» **EXERCISE INSTRUCTIONS**
Output the whole listing exactly, except for the pictures in it.

» **RECORDS FOR PROCESSING**

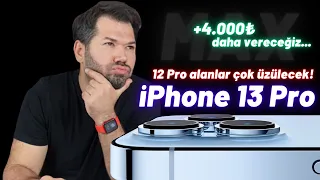 iPhone 13 Pro ve Pro Max Tüm Özellikleri, 12 Pro ve 13 ile farkları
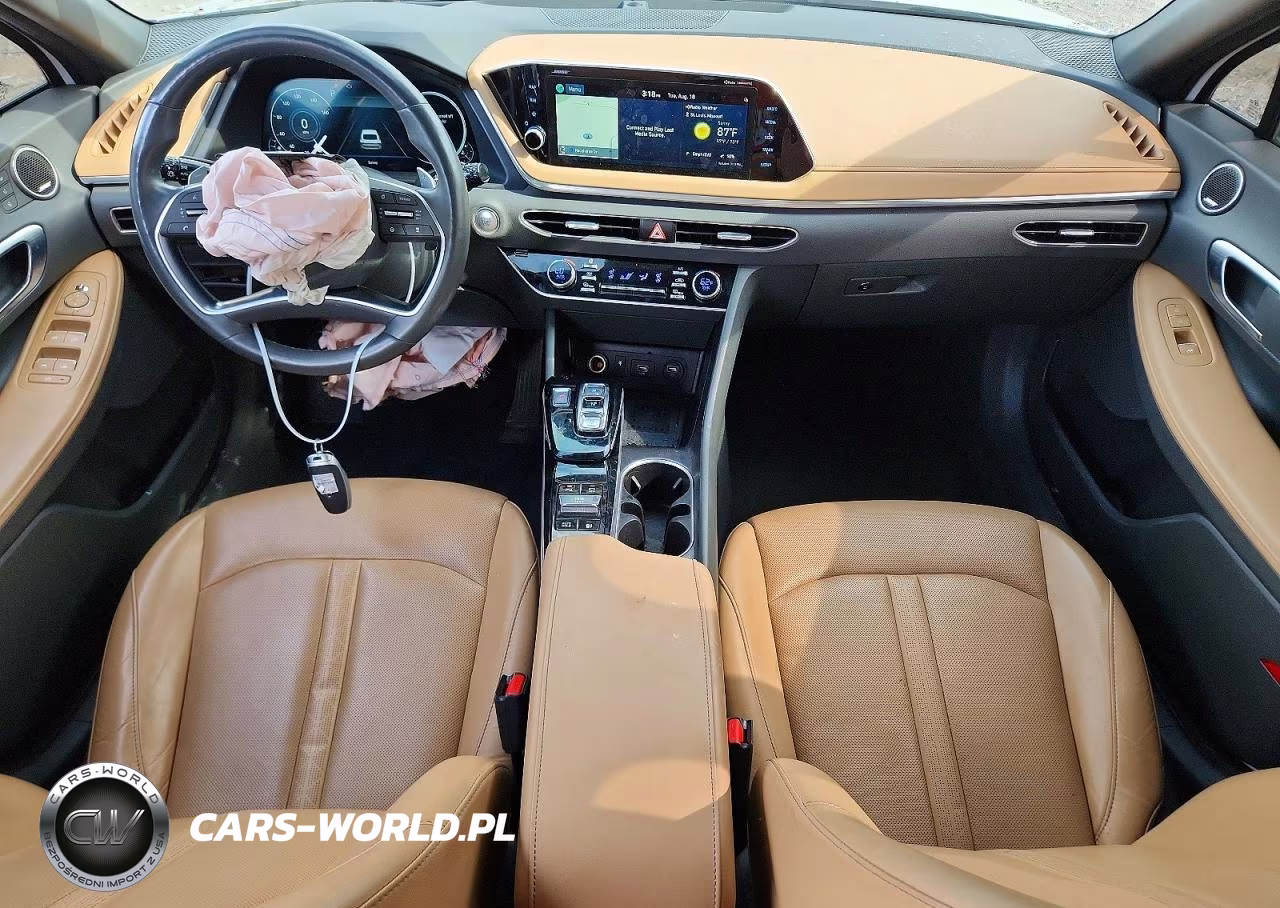 2020 Hyundai Sonata Limited VIN:5NPEH4J29LH011141 - 8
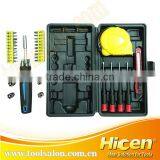 15PCS Hand Tool Set With Tape Measure & Knife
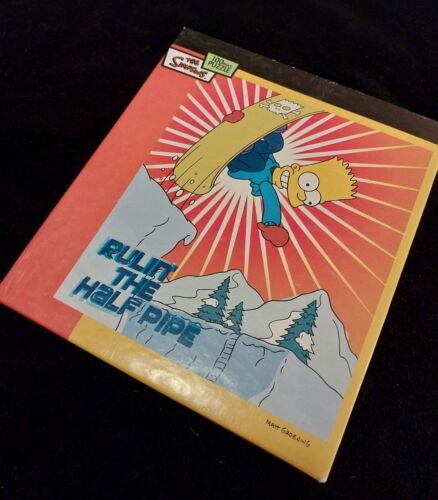 BRAND NEW 2004 The Simpsons-Rulin' The Half Pipe-100 Piece Puzzle-Rose Art - Picture 3 of 7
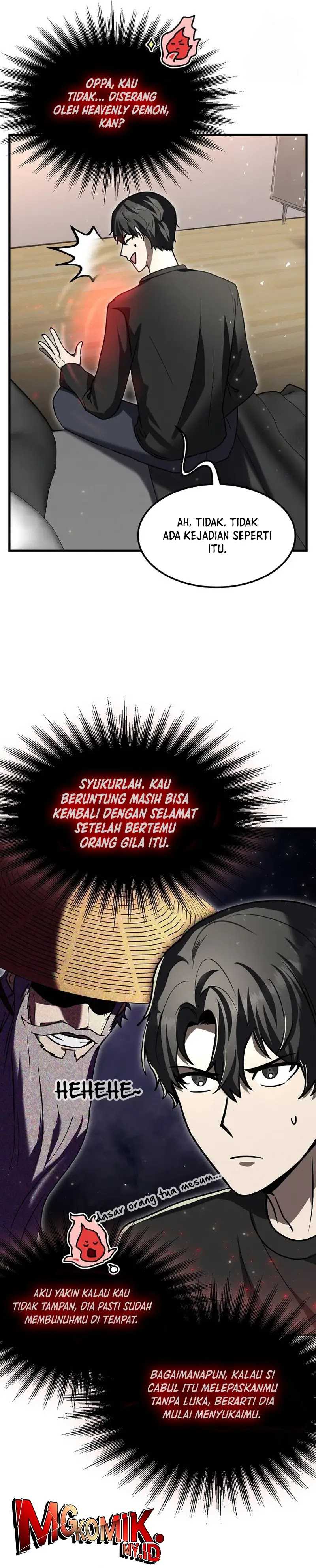 The Regressed Genius Player’s Legendary Weapon Creation Chapter 18 Gambar 6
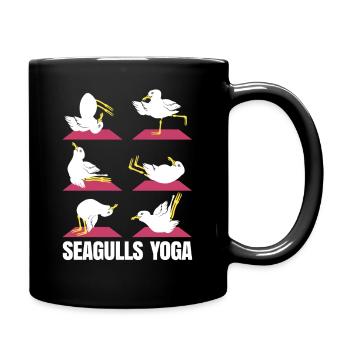 Annonce de la grossesse maman des jumeaux maman maman - Mug uni - noir - Droite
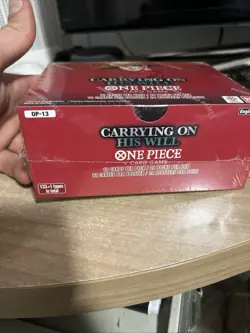 One Piece Card Game - OP13 Carrying on his Will Booster Box Display Englisch ENG - Image 2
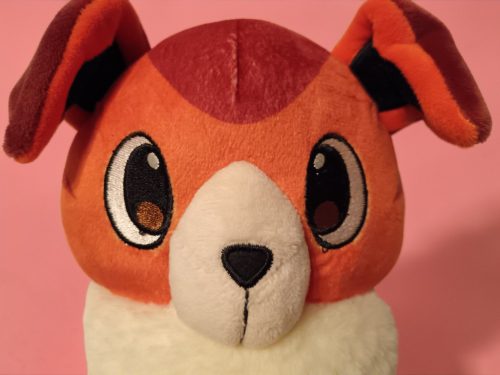 Bud­sies plüss kutyus 25 cm  - újszerű (C7) 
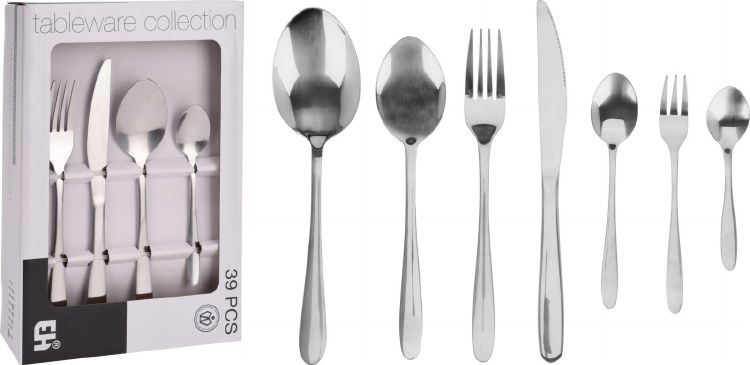 CUTLERY SET-39 PIECE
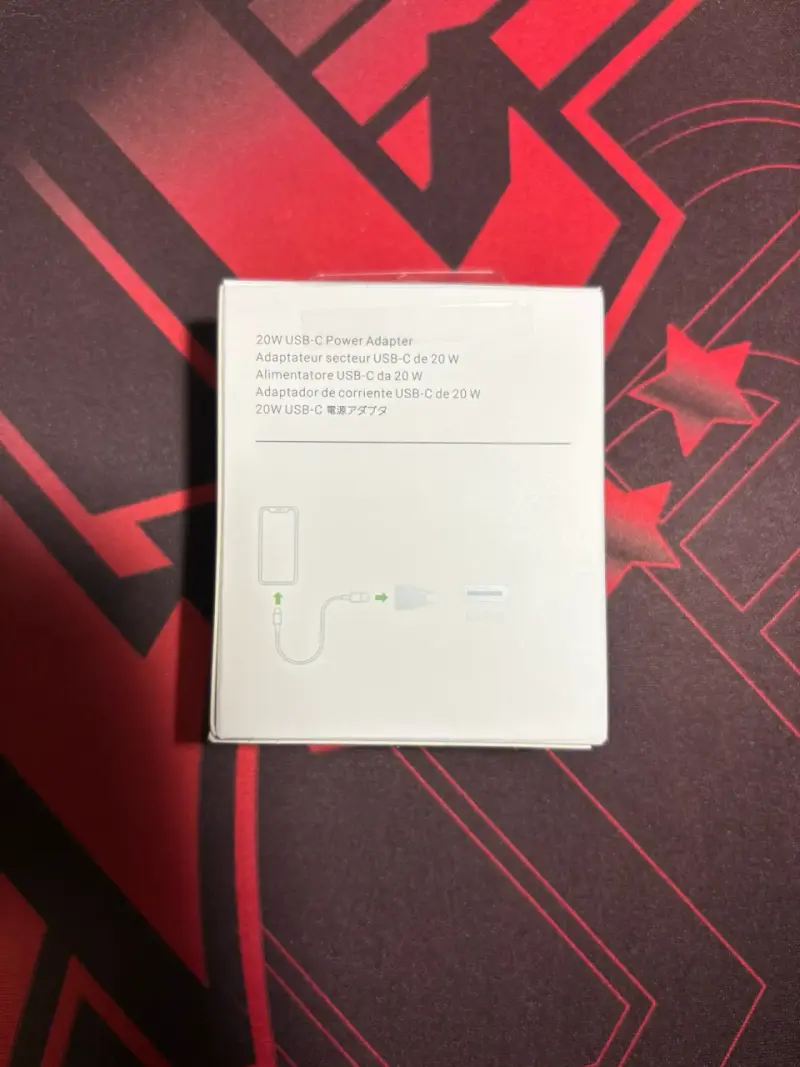 Cargador USB-C 20W nuevo - 2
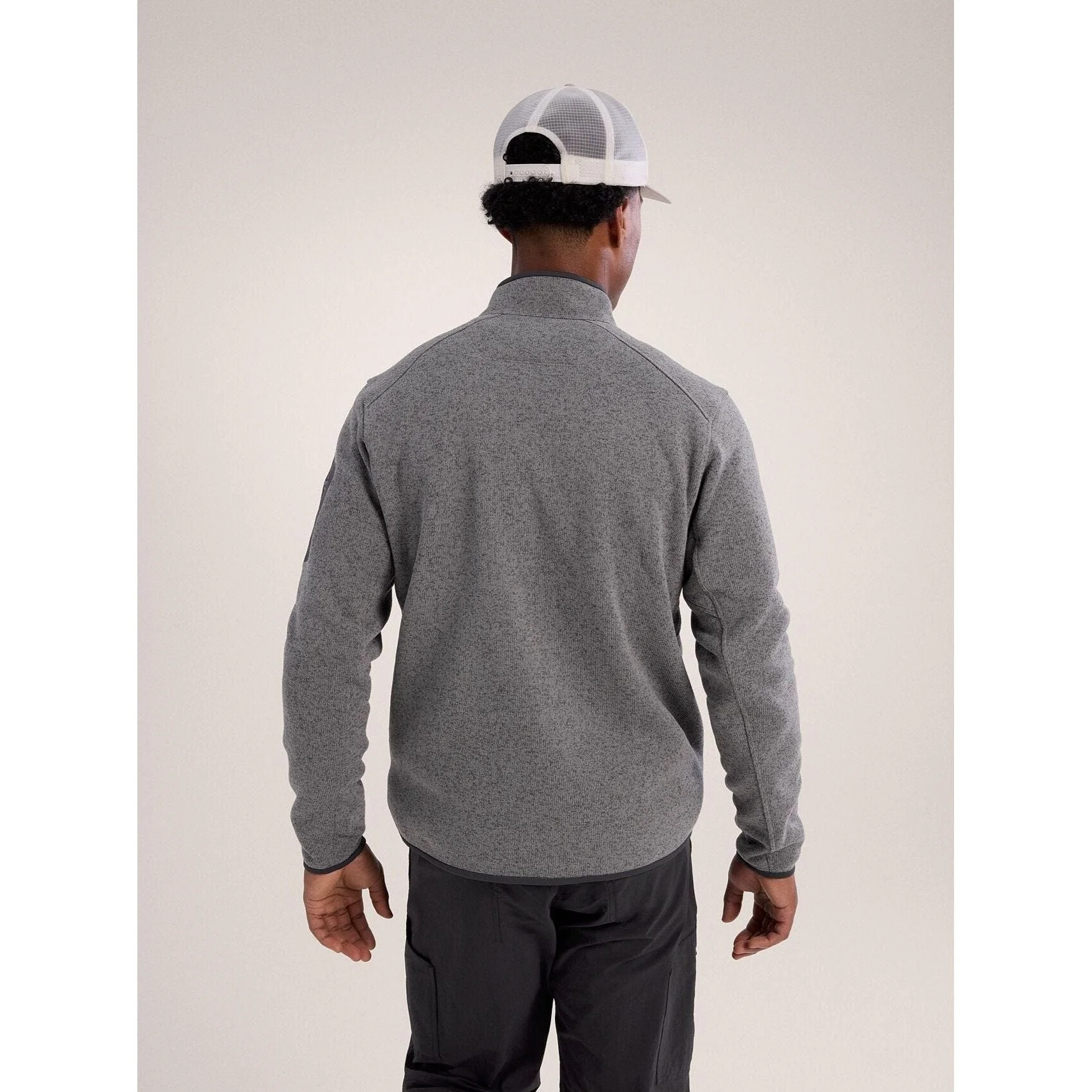Arc'teryx Men's Covert 1/2 Zip Neck Fleece - Image 3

» **ANSWER TO THIS TASK**
 iPhone 13 Pro ve Pro Max Tüm Özellikleri, 12 Pro ve 13 ile farkları
 2020 Hyundai Sonata Limited VIN:5NPEH4J29LH011141 - 8
 15PCS Hand Tool Set With Tape Measure & Knife
 BRAND NEW 2004 The Simpsons-Rulin' The Half Pipe-100 Piece Puzzle-Rose Art - Picture 3 of 7
 The Regressed Genius Player’s Legendary Weapon Creation Chapter 18 Gambar 6
 Annonce de la grossesse maman des jumeaux maman maman - Mug uni - noir - Droite
 One Piece Card Game - OP13 Carrying on his Will Booster Box Display Englisch ENG - Image 2
 Bud­sies plüss kutyus 25 cm  - újszerű (C7) 
 CUTLERY SET-39 PIECE
 Cargador USB-C 20W nuevo - 2
Arc'teryx Men's Covert 1/2 Zip Neck Fleece - Image 3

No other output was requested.